Supplied data:
▶
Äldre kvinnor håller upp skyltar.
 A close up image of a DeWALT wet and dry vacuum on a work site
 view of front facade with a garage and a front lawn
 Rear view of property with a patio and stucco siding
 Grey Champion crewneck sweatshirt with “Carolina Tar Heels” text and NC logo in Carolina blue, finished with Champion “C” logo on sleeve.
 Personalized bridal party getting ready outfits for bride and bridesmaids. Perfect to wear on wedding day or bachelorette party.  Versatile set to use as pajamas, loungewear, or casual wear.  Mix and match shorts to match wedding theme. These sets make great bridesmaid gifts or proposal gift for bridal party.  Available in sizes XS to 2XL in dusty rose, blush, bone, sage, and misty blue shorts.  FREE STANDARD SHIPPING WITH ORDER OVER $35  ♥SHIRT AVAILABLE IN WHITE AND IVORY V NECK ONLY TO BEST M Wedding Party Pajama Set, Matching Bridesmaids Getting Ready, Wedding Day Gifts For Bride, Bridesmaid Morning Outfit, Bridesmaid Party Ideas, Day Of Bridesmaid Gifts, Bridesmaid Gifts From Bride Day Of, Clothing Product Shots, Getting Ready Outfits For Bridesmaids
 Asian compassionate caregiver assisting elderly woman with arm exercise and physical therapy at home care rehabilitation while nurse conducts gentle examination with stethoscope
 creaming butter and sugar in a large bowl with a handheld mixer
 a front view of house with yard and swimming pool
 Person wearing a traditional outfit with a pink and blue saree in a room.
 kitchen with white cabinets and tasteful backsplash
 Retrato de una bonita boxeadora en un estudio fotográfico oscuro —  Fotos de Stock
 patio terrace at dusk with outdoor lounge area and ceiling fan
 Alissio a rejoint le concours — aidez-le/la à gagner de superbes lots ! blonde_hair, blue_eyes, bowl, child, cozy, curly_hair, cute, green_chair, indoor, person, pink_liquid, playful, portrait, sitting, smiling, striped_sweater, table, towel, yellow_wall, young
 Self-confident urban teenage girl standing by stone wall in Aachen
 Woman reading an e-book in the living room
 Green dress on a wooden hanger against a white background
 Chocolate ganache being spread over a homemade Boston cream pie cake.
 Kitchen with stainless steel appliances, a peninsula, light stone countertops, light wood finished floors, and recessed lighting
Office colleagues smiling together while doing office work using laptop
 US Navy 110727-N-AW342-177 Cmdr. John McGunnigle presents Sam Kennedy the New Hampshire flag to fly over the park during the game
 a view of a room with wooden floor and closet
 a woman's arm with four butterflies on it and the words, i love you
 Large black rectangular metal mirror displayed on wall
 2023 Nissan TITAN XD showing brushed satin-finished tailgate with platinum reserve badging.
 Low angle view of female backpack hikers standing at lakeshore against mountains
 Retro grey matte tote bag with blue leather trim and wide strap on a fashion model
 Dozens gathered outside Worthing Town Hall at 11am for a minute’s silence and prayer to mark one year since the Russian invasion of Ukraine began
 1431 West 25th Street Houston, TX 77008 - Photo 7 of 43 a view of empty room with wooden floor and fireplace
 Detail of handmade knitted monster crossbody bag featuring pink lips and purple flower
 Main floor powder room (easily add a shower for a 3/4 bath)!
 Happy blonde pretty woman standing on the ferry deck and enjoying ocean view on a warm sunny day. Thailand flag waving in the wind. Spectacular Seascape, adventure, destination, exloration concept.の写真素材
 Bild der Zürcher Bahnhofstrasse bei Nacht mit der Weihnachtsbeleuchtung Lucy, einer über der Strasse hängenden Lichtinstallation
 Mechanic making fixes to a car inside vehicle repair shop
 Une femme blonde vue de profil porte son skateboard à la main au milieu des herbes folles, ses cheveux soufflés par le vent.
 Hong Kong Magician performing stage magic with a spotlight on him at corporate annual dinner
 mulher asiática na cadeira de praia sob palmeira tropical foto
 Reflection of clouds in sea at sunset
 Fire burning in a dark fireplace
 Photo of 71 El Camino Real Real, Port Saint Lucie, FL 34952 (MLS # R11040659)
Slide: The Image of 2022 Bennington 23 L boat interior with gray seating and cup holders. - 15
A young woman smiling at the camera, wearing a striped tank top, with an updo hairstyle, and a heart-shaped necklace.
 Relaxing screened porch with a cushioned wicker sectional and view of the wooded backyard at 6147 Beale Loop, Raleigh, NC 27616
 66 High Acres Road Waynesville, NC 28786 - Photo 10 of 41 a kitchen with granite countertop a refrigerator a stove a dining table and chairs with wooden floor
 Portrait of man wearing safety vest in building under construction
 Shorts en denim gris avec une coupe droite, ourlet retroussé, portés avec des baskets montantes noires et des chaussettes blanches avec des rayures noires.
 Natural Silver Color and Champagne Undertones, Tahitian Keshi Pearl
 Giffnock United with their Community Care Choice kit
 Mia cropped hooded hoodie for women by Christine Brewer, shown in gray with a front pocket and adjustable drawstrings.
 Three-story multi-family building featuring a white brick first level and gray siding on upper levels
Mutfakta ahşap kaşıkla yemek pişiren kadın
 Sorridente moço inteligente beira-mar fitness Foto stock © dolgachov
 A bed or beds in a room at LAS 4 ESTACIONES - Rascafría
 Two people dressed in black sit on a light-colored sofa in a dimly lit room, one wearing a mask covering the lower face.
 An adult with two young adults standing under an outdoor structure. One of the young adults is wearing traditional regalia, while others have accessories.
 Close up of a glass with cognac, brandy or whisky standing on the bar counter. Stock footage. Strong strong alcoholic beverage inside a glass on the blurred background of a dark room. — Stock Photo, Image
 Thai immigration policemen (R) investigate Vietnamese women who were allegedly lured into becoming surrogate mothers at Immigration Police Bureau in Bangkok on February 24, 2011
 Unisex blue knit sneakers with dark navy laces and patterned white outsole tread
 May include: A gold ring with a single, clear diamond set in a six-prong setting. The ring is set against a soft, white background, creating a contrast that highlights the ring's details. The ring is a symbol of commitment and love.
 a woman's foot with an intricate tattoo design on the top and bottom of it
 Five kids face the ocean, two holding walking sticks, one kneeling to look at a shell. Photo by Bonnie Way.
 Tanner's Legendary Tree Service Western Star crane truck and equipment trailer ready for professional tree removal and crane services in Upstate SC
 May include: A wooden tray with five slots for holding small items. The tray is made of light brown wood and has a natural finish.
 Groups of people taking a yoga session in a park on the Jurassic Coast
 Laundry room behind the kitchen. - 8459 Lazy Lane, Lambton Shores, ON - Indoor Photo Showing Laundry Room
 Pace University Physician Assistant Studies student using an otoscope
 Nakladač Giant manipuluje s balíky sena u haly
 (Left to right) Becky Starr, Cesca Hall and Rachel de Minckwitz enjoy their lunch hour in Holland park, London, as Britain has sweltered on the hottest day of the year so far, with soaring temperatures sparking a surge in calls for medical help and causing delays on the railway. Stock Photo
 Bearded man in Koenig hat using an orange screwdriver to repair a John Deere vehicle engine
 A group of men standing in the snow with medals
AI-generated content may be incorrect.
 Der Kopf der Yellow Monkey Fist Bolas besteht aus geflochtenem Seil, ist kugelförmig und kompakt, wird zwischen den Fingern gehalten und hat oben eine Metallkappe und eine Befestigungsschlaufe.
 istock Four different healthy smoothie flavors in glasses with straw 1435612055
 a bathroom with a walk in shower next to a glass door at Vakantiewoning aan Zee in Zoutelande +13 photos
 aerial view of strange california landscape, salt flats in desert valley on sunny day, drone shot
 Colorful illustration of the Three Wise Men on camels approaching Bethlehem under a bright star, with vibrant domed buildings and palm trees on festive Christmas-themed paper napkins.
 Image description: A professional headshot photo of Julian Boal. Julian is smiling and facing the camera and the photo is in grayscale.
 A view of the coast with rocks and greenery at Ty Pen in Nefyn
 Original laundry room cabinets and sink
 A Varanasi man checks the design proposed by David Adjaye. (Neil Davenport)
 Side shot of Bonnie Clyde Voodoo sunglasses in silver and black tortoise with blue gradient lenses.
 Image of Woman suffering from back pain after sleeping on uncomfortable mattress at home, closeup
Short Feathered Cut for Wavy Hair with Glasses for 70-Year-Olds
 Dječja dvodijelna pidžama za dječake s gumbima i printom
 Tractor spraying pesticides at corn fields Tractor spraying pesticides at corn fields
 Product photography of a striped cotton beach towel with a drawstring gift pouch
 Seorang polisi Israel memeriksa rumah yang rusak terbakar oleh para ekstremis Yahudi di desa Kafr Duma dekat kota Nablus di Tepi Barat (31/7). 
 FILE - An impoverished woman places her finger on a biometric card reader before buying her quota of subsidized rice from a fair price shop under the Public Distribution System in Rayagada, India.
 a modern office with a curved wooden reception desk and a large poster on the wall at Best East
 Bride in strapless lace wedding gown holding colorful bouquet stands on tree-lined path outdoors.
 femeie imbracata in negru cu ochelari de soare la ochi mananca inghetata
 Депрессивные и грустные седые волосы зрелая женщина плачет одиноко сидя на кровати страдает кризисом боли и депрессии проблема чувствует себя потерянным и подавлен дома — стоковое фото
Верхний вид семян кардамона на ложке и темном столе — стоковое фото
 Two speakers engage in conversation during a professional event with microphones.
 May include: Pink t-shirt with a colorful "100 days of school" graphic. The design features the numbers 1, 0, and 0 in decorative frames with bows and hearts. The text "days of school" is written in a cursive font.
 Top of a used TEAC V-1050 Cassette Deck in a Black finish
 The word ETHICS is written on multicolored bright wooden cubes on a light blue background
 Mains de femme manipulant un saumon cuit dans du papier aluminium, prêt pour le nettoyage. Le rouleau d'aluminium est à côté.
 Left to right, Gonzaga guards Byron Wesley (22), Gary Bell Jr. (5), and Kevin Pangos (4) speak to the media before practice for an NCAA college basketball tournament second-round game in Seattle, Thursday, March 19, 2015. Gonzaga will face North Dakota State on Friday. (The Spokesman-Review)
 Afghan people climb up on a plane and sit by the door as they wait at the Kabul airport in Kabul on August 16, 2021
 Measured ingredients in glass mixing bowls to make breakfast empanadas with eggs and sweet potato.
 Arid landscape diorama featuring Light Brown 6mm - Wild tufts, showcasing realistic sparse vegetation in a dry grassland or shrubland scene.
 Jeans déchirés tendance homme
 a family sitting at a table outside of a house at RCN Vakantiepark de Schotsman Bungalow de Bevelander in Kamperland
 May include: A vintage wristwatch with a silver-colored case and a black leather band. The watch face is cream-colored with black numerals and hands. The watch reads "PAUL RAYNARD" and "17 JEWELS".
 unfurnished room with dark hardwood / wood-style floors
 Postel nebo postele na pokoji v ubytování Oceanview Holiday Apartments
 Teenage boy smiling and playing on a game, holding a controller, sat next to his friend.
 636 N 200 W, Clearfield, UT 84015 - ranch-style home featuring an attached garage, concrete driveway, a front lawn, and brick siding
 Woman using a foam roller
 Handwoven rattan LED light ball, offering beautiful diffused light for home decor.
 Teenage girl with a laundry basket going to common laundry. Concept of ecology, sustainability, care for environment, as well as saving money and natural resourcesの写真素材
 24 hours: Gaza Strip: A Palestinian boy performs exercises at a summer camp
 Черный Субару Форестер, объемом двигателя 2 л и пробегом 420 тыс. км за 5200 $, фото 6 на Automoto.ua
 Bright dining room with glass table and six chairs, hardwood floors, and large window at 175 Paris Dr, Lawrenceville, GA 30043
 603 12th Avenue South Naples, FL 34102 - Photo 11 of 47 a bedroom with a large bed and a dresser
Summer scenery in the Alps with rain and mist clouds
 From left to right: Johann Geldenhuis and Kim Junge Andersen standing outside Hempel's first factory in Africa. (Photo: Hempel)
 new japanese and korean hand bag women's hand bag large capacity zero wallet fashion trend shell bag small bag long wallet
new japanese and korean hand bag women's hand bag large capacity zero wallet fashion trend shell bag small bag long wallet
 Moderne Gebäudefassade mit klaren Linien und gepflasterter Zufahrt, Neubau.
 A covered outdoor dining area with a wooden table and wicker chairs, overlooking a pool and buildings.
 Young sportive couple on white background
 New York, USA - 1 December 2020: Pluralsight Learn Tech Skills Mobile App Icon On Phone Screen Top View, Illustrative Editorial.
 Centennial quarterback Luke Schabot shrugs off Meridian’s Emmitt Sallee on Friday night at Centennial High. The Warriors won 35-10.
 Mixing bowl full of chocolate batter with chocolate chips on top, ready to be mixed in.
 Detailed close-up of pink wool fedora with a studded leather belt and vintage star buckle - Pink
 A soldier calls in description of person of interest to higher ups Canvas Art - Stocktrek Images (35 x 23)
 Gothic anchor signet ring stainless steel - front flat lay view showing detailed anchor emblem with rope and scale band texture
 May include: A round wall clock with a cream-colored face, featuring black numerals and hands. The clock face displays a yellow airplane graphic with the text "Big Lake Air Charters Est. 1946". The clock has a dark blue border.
◀
Transcribe the records above exactly, from the opening line down to and including the line with "Grey Champion crewneck".

Answer area:
Äldre kvinnor håller upp skyltar.
 A close up image of a DeWALT wet and dry vacuum on a work site
 view of front facade with a garage and a front lawn
 Rear view of property with a patio and stucco siding
 Grey Champion crewneck sweatshirt with “Carolina Tar Heels” text and NC logo in Carolina blue, finished with Champion “C” logo on sleeve.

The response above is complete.